VLEs as complements to classroom courses.

There is a difference, I think, between adult learning and the traditional learning of children in schools. I am reading "Handbook of Online Learning" (Innovations in Higher Education and Corporate Training, Rudestam, KE and Schoenholtz-Read, J Eds, Sage 2002) - definitely in the realm of adult learning, but I wonder if there are insights to be had here which would apply in schools.

The non-participating student in class is generally a student who is not learning. What are the reasons for non-participation? There are many, but for some, the idea of being able to review notes and presentations afterwards (asynchronously) may be appealing.

What about the students who wants to take their ideas further? Can appropriate VLEs be set up to allow this interest to be tapped?
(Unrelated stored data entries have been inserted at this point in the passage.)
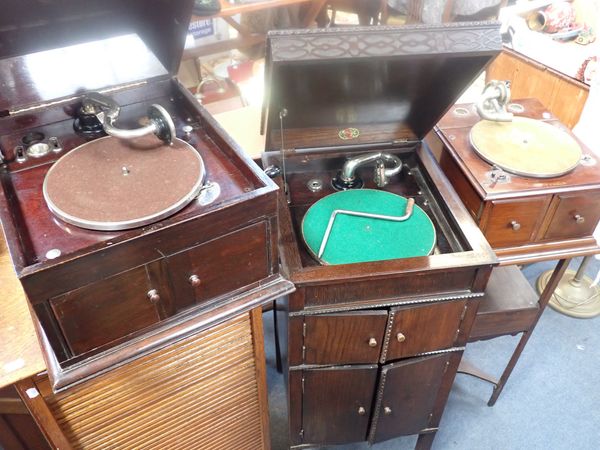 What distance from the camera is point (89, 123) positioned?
121cm

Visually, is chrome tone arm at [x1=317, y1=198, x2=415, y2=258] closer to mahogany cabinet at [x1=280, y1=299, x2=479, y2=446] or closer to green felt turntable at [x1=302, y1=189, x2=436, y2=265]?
green felt turntable at [x1=302, y1=189, x2=436, y2=265]

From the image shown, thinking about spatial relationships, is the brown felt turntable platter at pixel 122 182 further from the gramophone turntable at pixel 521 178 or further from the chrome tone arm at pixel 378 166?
the gramophone turntable at pixel 521 178

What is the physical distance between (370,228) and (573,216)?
0.60 m

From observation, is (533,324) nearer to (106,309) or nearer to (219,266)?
(219,266)

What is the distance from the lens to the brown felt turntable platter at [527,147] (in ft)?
4.77

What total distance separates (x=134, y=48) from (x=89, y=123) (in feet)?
0.85

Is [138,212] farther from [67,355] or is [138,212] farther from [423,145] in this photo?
[423,145]

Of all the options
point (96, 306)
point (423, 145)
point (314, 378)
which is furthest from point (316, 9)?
point (96, 306)

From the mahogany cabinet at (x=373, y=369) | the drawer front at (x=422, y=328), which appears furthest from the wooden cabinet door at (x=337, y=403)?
the drawer front at (x=422, y=328)

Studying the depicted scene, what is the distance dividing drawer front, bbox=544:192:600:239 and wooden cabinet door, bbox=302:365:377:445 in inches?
26.1

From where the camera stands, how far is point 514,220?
1.46 metres

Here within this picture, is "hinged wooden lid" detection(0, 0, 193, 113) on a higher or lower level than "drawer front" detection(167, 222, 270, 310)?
higher

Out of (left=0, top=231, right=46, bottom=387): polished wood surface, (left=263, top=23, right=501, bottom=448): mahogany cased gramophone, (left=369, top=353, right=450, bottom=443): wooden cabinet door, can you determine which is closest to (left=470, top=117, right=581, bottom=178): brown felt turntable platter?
(left=263, top=23, right=501, bottom=448): mahogany cased gramophone

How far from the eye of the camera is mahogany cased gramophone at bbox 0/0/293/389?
91 cm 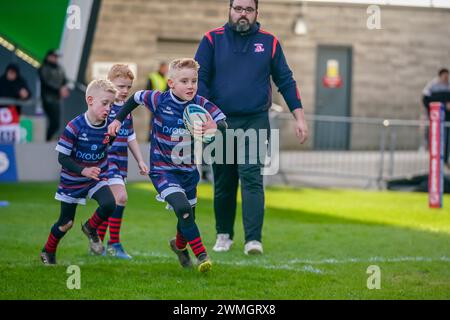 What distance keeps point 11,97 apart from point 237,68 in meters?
10.6

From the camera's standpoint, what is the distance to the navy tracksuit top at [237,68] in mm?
7840

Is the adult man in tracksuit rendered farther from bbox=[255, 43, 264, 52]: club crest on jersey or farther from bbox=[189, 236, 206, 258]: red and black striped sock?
bbox=[189, 236, 206, 258]: red and black striped sock

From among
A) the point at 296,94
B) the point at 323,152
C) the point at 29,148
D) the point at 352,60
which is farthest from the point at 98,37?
the point at 296,94

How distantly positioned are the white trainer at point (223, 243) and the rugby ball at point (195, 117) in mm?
1776

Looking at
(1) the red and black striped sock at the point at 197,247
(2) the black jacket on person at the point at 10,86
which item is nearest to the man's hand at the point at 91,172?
(1) the red and black striped sock at the point at 197,247

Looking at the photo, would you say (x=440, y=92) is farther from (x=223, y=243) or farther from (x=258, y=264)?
(x=258, y=264)

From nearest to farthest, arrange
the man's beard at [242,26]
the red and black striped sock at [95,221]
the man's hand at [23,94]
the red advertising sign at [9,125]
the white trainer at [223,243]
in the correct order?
1. the red and black striped sock at [95,221]
2. the man's beard at [242,26]
3. the white trainer at [223,243]
4. the red advertising sign at [9,125]
5. the man's hand at [23,94]

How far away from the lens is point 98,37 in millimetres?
27250

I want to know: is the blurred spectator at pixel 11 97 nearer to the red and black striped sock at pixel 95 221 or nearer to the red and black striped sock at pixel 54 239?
the red and black striped sock at pixel 95 221

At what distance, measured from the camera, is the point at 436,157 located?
506 inches

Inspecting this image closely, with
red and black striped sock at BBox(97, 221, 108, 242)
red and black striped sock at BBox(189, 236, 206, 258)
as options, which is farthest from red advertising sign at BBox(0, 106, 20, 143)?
red and black striped sock at BBox(189, 236, 206, 258)

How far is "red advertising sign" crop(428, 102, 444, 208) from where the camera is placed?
12.7m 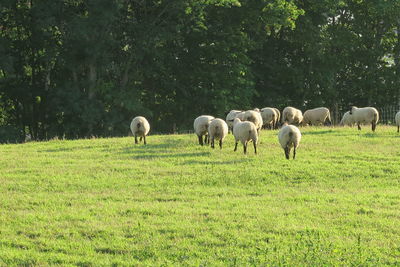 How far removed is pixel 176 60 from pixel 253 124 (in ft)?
66.7

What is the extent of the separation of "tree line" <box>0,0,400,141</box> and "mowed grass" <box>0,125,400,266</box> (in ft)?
39.7

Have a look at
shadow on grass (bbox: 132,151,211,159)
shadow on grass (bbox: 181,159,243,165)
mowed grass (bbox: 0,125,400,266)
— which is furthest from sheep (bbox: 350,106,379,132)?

And to continue discussion after class, on an existing or new topic, moderated and facilitated by a teacher or better still a student.

What other complements are there for VLEs?

Tuesday, 17 June 2008

Ed Tech vs Digital Tech

I still have my notes. Written and drawn on a long sheet of faded paper, pretty much dog-eared, they formed my understanding of Educational Technology as needed for my degree in Education back in 1980 or so.

Much of it concerned film projectors, spirit duplicators, and something called programmed learning. It was the hyperlink system of the time. Answer a question, depending upon how you did you got sent to another page. A sort of multiple choice learning and not bad at that. I learned my calculus in that way, hanging over the edge of a gantry over a bubbling reactor whilst working for Boots.

What you reflect upon and write about you remember. This is the purpose of this blog - a way of putting thoughts and ideas - insights perhaps - into the digisphere for me to learn and others to read and comment.